Saturday, November 14, 2015

Paris Burning


I was in Paris yesterday. The plan was to go see a movie, perhaps, then join friends at home. The movie schedules meant that had we stayed, we would have returned home after dark, so, we left town early. For once, transport ran smoothly. A peaceful dinner with friends visiting from Montreal and Geneva. Then, the news broke and everyone drifted to the TV room to watch news of the carnage unfold in the 10th and 11th and the Stade de France.

This is France's 9/11.

What happened in Paris last night is exactly what Europe's security services have long feared, and tried to second guess. Determined, well-organized simultaneously rolling attacks, with automatic weapons and suicide bombers in the heart of a major European city, targeting multiple, crowded public locations. These tactics have been used before in Mumbai and elsewhere. Once shock and outrage have abated, there are many questions which will have to be answered, and the answers had better be right. How has such a well-organized sleeper group found its way undetected into the heart of Europe? Were the attackers French citizens, if so, how they were radicalised, armed and organised? In France, perhaps, or the Schengen zone, or further afield, perhaps in Syria, and by whom? Why weren't they detected by the intelligence services? Is France, after two major attacks this year, uniquely vulnerable? Or does the carnage in Paris mean all of Europe faces new threats to our public places and events? And if a Syrian link is proven, will France's instinct be to back off  or will it redouble its commitment to the fight against radical groups there? Today, François Hollande used the words 'act of war'. It might be good to remember that wars brew slowly - the First World War was a tragedy of incompetent leadership, pride and brinkmanship for the preceding twenty years and the relatively unimportant assassination of Archduke Ferdinand was the spark that lit the powder keg that set Europe ablaze.

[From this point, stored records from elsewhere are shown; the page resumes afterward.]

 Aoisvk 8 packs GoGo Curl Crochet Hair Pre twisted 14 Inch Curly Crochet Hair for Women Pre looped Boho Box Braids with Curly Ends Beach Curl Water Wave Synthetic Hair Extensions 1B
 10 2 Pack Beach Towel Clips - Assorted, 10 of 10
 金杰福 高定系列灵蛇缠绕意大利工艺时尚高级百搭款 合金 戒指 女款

I have written before about the idolatry of ISIL, making mention of the fact that the severest punishments in the Old Testament are reserved for those who sacrifice their children to Moloch. The perpetrators and the ideology that drives them are transparently guilty of this very act and, this time, it's personal. It can no longer be denied that radical Islam is a dark, malevolent and powerful force with a thirst for conquest and an appetite for retribution on a scale not seen for centuries. As I write, an audio communiqué from ISIL has just been released online, in fluent, Arab-accented French, claiming responsibility, indicating the targets were meticulously chosen for maximum impact.  If this is, as Jeb Bush put it last night, 'the war of our time', then we had better get ready.

1 comment:

  1. The downing of a Russian airliner, the Beirut bombings and now events in Paris. Why is ISIL going global?
    I think that they are attempting to exploit the same tactical advantage as Al-Qaeda did, to reduce the thickness of what one commentator calls the ‘grey zone’. In the absence of a grey zone, things look starkly black or white and, to the extremists, this is good news because it pushes most people’s comfort zones either one way or the other. It seemed that there was no call to arms amongst local French activists, no calls for lone wolf attacks, instead a tactic was adopted which they believed to be more effective, a well-organised blitzkrieg with three main objectives.
    First, terror, which directly affects relatively few but its ripples cause irrational distrust and fear among many. They are hoping, perhaps, that such fear will cause leaders, in response to a clamour of angry, frightened voices, to respond with a knee-jerk, ill-conceived response, such as halting the bombings on ISIL targets in Syria. The initial French response was to close borders and declare a state of emergency – perhaps disproportionate - but it illustrates the point that something had to be done and more importantly, be seen to be being done.
    Secondly, inspiration. The false flag of jihad is a call to arms from Allah himself and will inspire existing supporters to more direct action and attract more to the cause.
    The third aim is to polarise, and is the most important. In Iraq and Syria, ISIL has ruthlessly levered any internal tension within a community, whether sectarian, tribal, ethnic, or economic – to open up a space which it can exploit. It knows that a community divided, where mutual distrust nourishes hatred, is a fertile recruiting ground.

    ISIL’s attacks are not random, purposeless or indiscriminate and neither must our response be. I hoped never to have to write this but it would seem that the success or failure of this new global campaign will decide for how long the world allows it to continue. Its aims are despicably repugnant, morally and judicially and its methods are such that we are left with little choice but to exterminate the verminous plague that has come among us, once and for all by any and all possible means.